Aku lirik Cahyo sekali lagi. Masih berkutat dengan pensil kesayangan miliknya. Dia memang selalu menang saat permainan bodoh itu. Aku lupa namanya, Cahyo pernah cerita. Tapi aku lupa. Ini kamis yang sangat terang. Sedikit mendung hingga terik enggan berkerja dengan baik. Jadi aku memutuskan keluar kelas dan berjalan ke kantin sekolah, sendiri. Aku malas berteman dengan teman perempuan kelasku ini. Mereka senang membicarakan boyband yang akupun tak pernah dengar sedikitpun nama personilnya. Dan berkumpul dengan mereka adalah mimpi burukku.
Aku berjalan sendiri ke kantin sekolah. Berjalan menunduk sambil menendang-nendang kerikil kecil yang menghalangi jalanku. Ini hari kedua hari Raya Idul Fitri, baju yang kami kenakan berbeda-beda tiap kelasnya. Kelas XI IPA2 tahun ini memakai baju warna hijau tosca bebas.
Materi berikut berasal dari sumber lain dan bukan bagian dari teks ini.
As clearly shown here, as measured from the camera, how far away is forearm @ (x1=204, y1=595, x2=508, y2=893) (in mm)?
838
Ah aku jadi ingat Cahyo! Penampilannya hari ini sangat tampan. Memang tampan sekali dari dulu. Itu salah satu alasan aku menyayanginya seperti ini. Kantin masih sepi karena jam pelajaran belum berakhir. Aku membeli jajanan dan duduk sendiri dipojokan kantin, menunduk. Memperhatikan jajanan yang ku pegang. Aku tak lapar. Tapi entah mengapa hatiku sangat risau sekali siang ini. Melihat Cahyo tertawa lepas dengan teman-temannya membuat beban yang sangat mendalam. Ada apa pun aku tak tahu dan aku benar-benar tak mau tahu. Sembari menatap lekat-lekat jajanan yang aku makan, dibalik jajanan tersebut, terlihat sepasang sepatu hitam-putih yang sangat aku kenal bentuknya. Terlihat sedikit tak jelas dan sedikit buyar. Aku mendongak. Cahyo menyengir memperlihatkan muka lugunya. 'Ngapain nge-galau buuuu?' 'ga.' Bola dari lapangan mendekat ke arahnya dan Cahyo sedikit berlari sembari menendang bola ke arah lapangan. Aku ditinggalnya sendirian.
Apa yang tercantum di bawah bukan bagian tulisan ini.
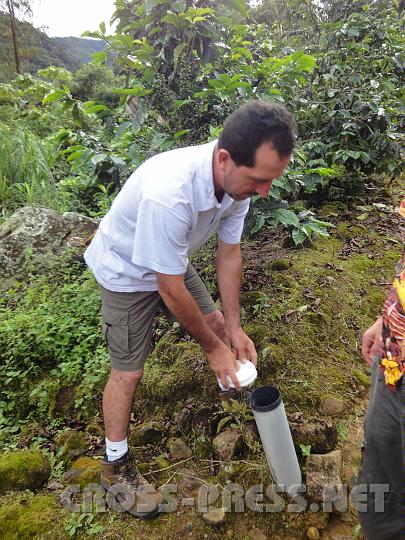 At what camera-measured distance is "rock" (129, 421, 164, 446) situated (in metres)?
2.27

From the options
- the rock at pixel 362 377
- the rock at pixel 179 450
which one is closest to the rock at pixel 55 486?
the rock at pixel 179 450

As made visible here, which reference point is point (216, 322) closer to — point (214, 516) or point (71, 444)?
point (214, 516)

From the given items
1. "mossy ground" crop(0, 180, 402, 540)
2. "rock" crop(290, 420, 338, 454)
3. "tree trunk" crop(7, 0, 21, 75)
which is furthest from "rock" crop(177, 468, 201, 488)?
"tree trunk" crop(7, 0, 21, 75)

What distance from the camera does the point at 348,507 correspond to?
1.84m

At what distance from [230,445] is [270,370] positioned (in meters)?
0.52

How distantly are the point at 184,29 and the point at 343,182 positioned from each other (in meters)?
2.41

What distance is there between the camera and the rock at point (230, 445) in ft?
6.70

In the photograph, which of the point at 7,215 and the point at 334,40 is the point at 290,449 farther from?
the point at 334,40

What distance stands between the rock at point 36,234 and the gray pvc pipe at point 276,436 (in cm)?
293

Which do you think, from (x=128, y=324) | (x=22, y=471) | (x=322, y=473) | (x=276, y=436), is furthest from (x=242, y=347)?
(x=22, y=471)

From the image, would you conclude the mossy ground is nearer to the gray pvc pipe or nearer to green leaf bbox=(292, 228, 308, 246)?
the gray pvc pipe

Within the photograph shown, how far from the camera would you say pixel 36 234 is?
405 cm

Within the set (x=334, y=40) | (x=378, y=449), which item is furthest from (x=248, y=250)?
(x=334, y=40)

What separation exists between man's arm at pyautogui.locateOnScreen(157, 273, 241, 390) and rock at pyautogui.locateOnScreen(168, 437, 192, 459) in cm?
69
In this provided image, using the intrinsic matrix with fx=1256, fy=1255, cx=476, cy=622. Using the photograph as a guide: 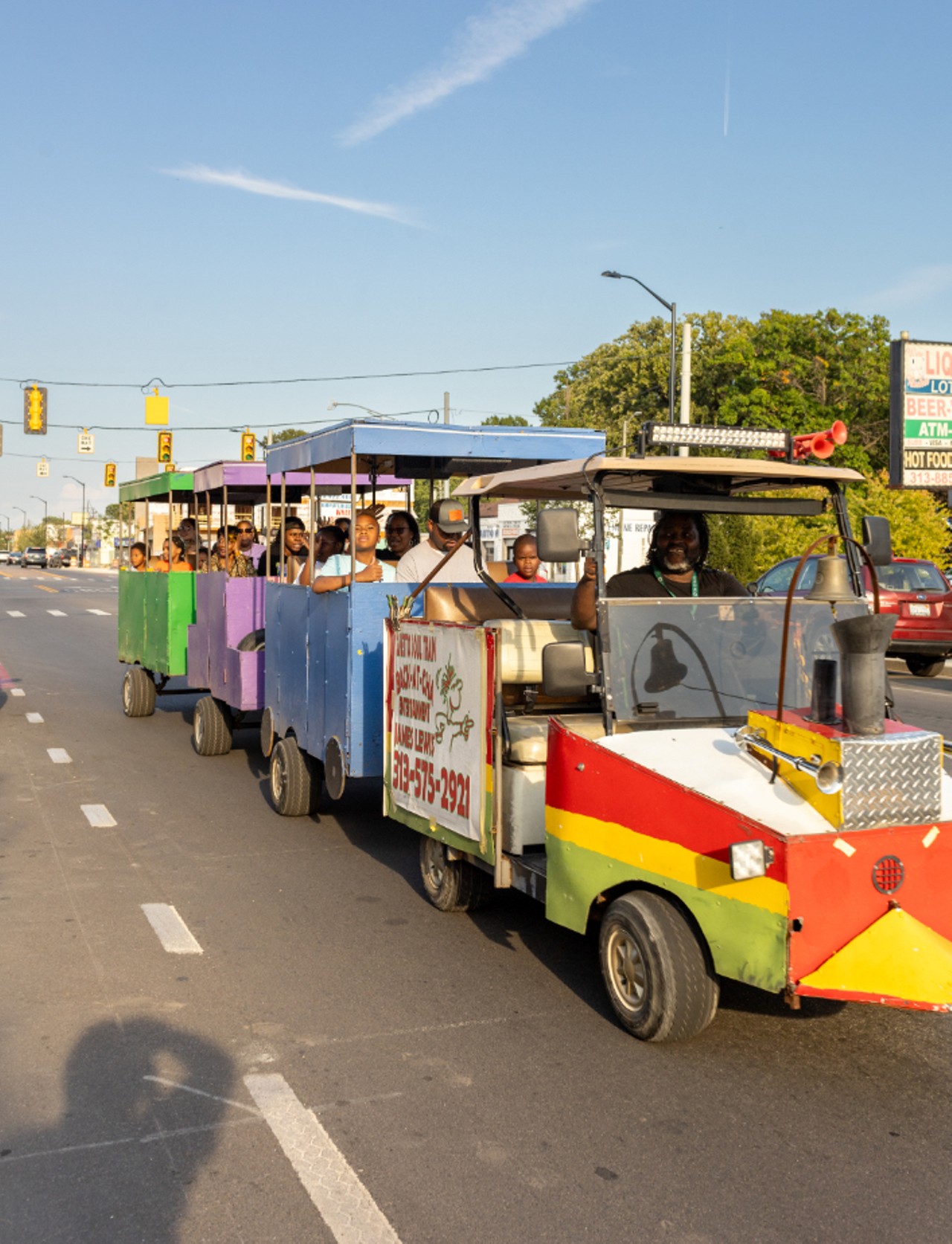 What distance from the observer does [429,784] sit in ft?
20.5

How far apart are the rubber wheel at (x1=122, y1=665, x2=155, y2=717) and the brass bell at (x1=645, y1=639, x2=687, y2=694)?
33.5 ft

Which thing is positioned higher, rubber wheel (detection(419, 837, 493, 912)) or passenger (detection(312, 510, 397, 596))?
passenger (detection(312, 510, 397, 596))

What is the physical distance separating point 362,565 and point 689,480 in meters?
3.25

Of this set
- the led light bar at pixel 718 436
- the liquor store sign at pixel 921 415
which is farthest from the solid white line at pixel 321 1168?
the liquor store sign at pixel 921 415

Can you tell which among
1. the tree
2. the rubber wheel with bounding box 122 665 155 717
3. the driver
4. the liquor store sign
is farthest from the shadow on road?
the tree

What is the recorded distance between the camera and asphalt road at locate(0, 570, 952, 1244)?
11.6 ft

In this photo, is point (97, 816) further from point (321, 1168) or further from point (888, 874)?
point (888, 874)

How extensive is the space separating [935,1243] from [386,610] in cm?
506

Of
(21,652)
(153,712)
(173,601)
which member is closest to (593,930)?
(173,601)

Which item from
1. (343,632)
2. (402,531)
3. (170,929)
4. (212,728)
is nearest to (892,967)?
(170,929)

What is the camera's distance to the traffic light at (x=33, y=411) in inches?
1470

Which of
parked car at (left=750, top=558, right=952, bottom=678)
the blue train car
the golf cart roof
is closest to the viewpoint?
the golf cart roof

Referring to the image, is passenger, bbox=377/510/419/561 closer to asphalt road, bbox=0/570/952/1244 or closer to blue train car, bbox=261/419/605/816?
blue train car, bbox=261/419/605/816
Bel pelajaran terakhir. Fisika.
Aku duduk bersama Suci, anak terpintar satu angkatan. Meminta ia mengajariku sederet soal fisika yang genap dua kali aku ulang ulanganku yang mendapat nilai tak luput dibawah rata-rata. Hampir satu jam berlalu, masih dengan suci dan masih dengan satu soal yang sedari tadi Suci ulang berkali-kali menjelaskanku. Hatiku tak lagi ada di soal itu, coretan Suci, Kata-kata Suci. Buyar. Aku rebahkan kepalaku diatas meja. memandang kurus kedepan. Cahyo. Dia tersenyum kearahku, lalu kembali lagi menjagari Ila soal fisika. Cahyo memang pakar Fisika sedunia. Ada yang aneh di senyumnya. Ada yang aneh rasanya tiap aku melihatnya. Dia satu ruang denganku. Didekatku. Merasa atmosfer yang sama sepertiku. Tapi rasanya dia jauh.. Tak lagi bisa aku gapai. Senyumnya terasa tidak terarah padaku.

Dan.. saat aku tersadar,
Aku menyadari betapa hinanya aku dikendalikan alam bawah sadarku. Bodoh!
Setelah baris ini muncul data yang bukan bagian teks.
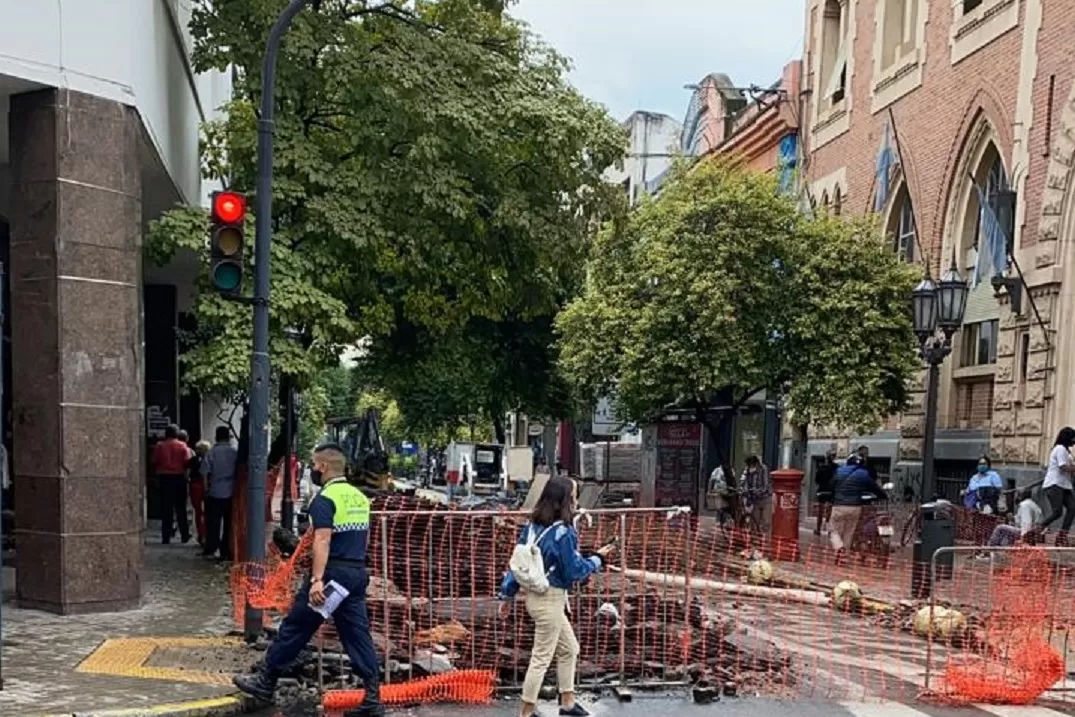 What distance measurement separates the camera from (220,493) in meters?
14.0

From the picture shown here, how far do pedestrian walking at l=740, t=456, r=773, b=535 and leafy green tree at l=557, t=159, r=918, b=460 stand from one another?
1323mm

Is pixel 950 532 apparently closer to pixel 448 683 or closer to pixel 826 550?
pixel 826 550

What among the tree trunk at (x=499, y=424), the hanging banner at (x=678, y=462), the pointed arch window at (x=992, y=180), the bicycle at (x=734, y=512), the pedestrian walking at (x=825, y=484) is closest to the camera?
the pointed arch window at (x=992, y=180)

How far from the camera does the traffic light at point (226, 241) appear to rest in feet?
28.3

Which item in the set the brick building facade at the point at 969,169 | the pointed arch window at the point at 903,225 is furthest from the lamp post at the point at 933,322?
the pointed arch window at the point at 903,225

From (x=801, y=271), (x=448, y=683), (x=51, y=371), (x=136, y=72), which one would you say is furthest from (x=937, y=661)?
(x=801, y=271)

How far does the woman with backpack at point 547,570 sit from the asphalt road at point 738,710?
0.52 metres

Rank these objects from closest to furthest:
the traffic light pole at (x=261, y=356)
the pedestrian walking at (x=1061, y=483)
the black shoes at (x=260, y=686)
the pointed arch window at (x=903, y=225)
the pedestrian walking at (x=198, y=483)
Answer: the black shoes at (x=260, y=686), the traffic light pole at (x=261, y=356), the pedestrian walking at (x=1061, y=483), the pedestrian walking at (x=198, y=483), the pointed arch window at (x=903, y=225)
Terpikat dengan hal fana yang sebenarnya tak boleh lagi singgah dihati perihku. Tentang kamu, tentang kita, tentang cinta yang merusak grafitasi bumi. Aku tahu kini rasa aneh apa yang hinggap tiap melihat matanya. Perih. Iya benar Ia tersenyum, tapi senyumnya bukan untukku. Iya, memang benar dia didekatku tapi rasanya terpisah jarak yang sangat jauh. Aku seharusnya sudah terima kenyataan yang sesungguhnya lebih pahit daripada mimpi yang sedetik lagi terlupa...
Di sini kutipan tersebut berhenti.